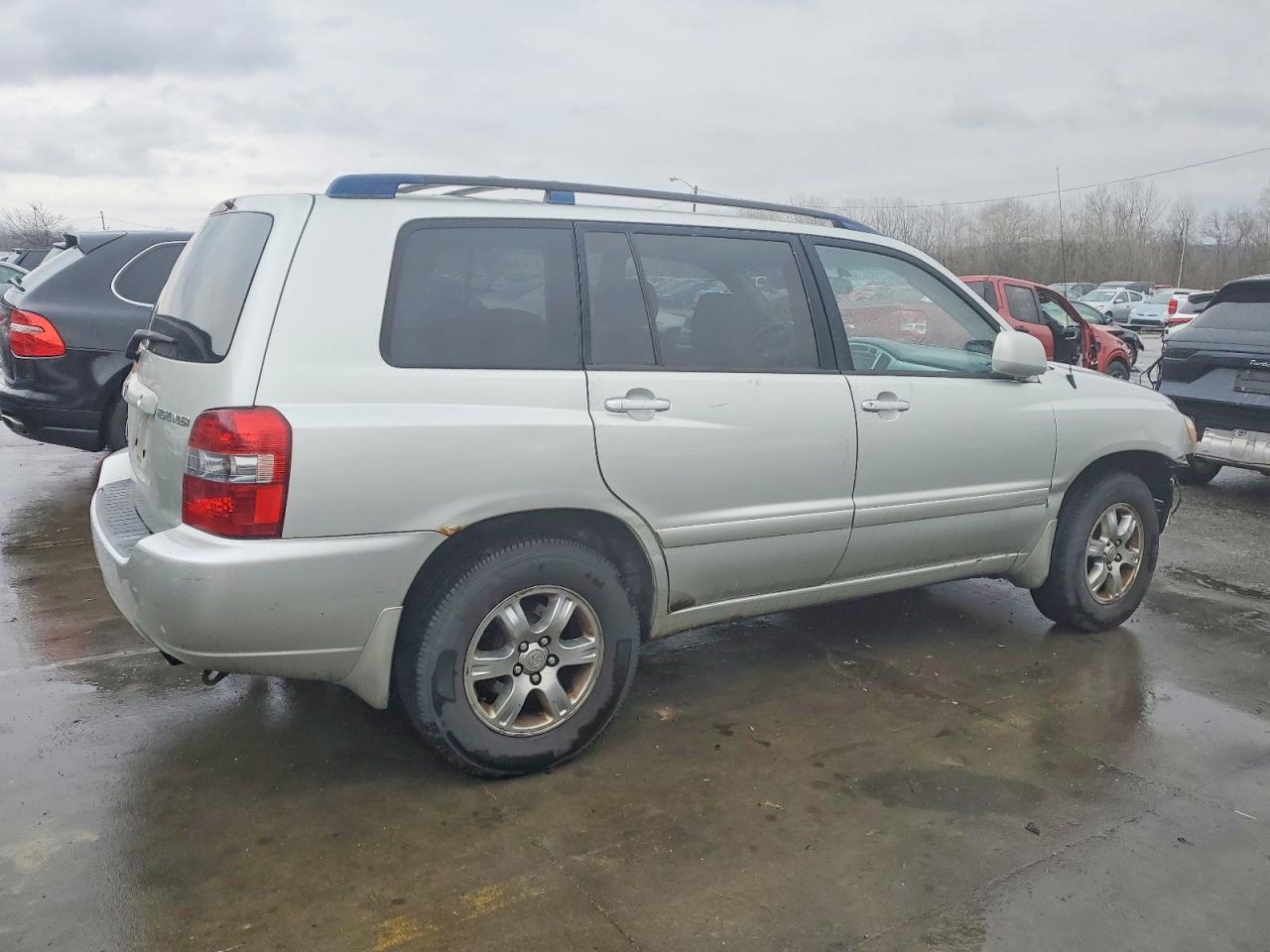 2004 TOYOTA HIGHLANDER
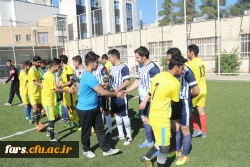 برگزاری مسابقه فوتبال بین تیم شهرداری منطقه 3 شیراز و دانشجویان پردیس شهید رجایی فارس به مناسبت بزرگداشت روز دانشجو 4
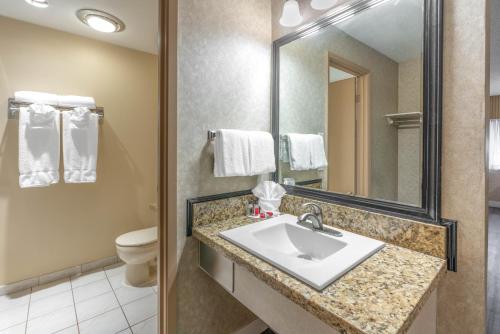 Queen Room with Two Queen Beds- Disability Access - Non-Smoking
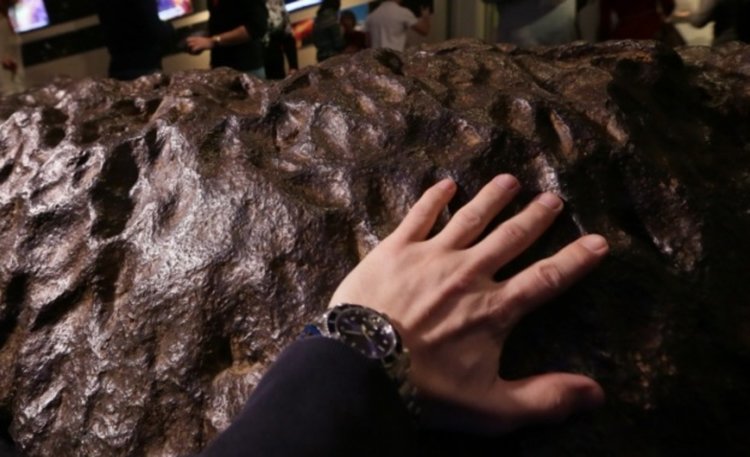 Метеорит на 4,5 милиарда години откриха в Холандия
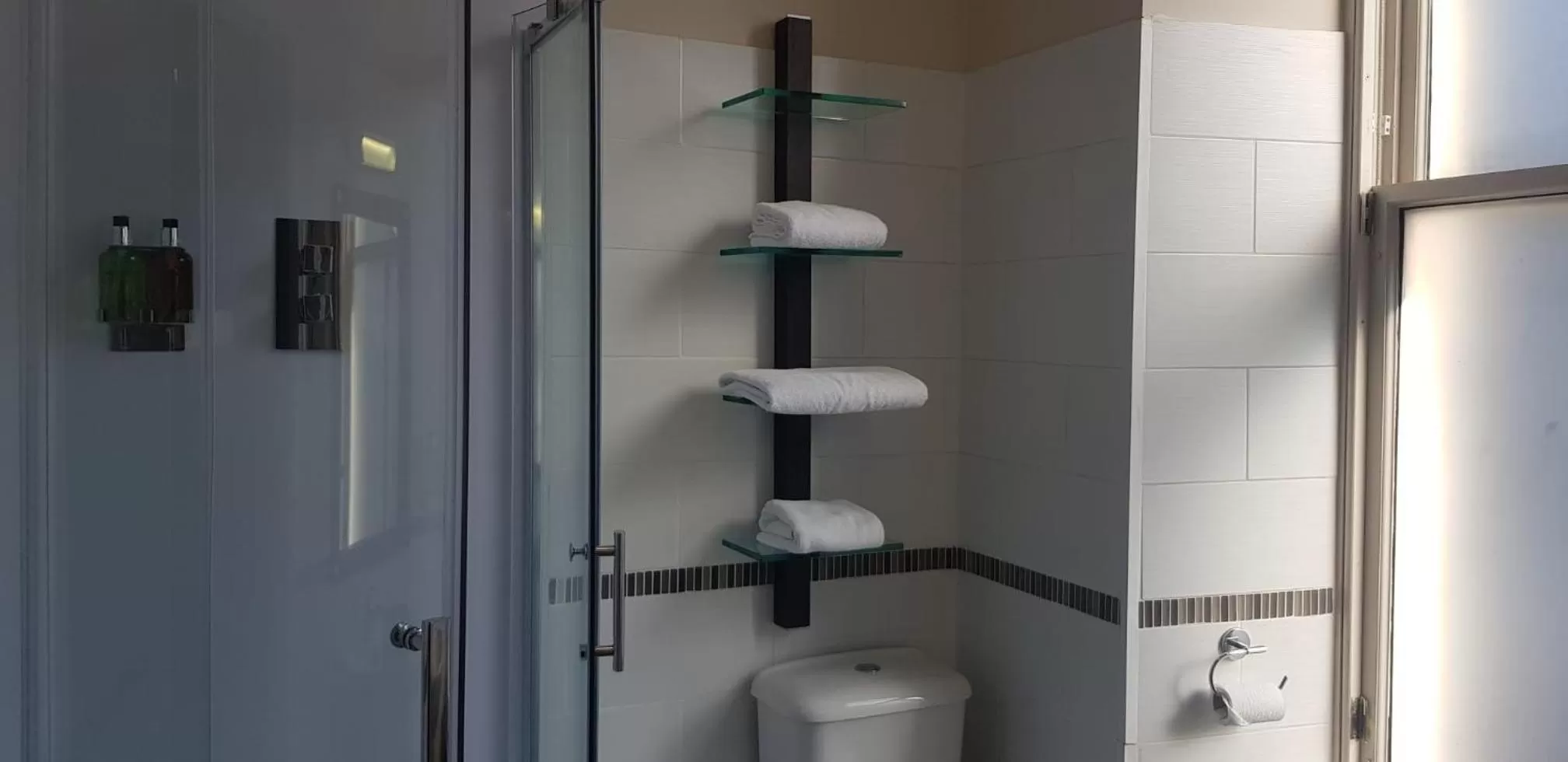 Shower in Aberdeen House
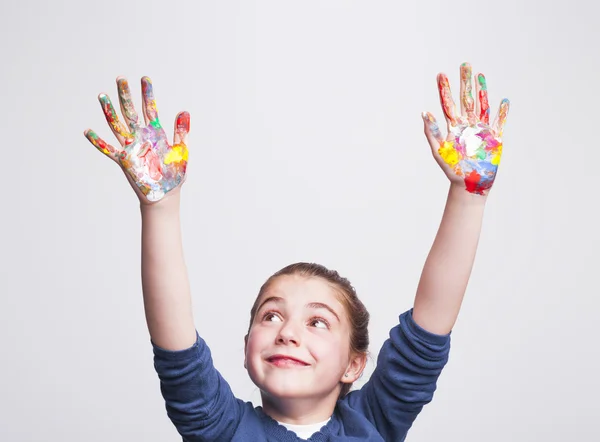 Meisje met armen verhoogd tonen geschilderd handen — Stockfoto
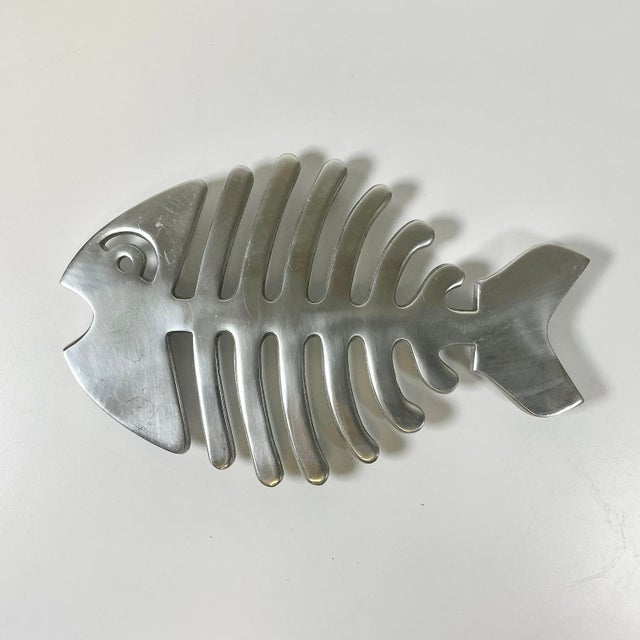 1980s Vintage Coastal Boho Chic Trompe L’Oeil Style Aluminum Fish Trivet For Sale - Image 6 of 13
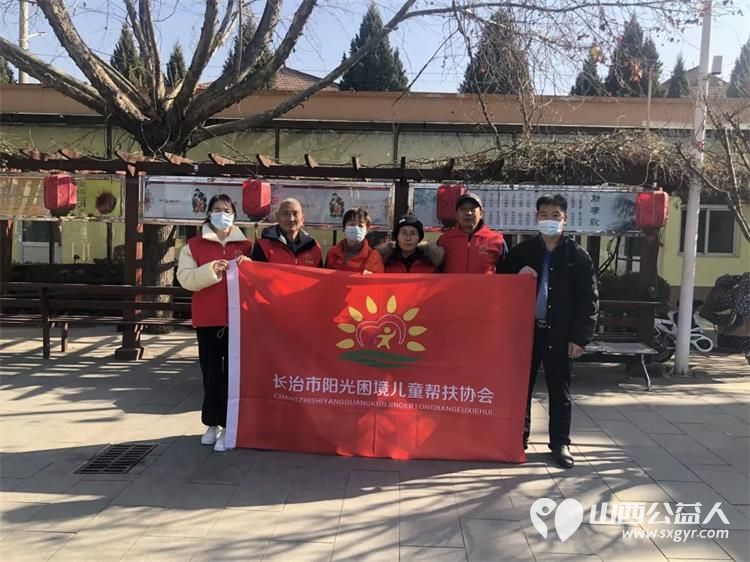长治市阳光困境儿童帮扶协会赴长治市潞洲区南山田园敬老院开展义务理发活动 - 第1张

## Task goal
Find the line that contains "Meisje met armen", then write out that line and every line after it through the end of the records, exactly. Leave the pictures out.

## Output of the exercise
 Meisje met armen verhoogd tonen geschilderd handen — Stockfoto
 1980s Vintage Coastal Boho Chic Trompe L’Oeil Style Aluminum Fish Trivet For Sale - Image 6 of 13
长治市阳光困境儿童帮扶协会赴长治市潞洲区南山田园敬老院开展义务理发活动 - 第1张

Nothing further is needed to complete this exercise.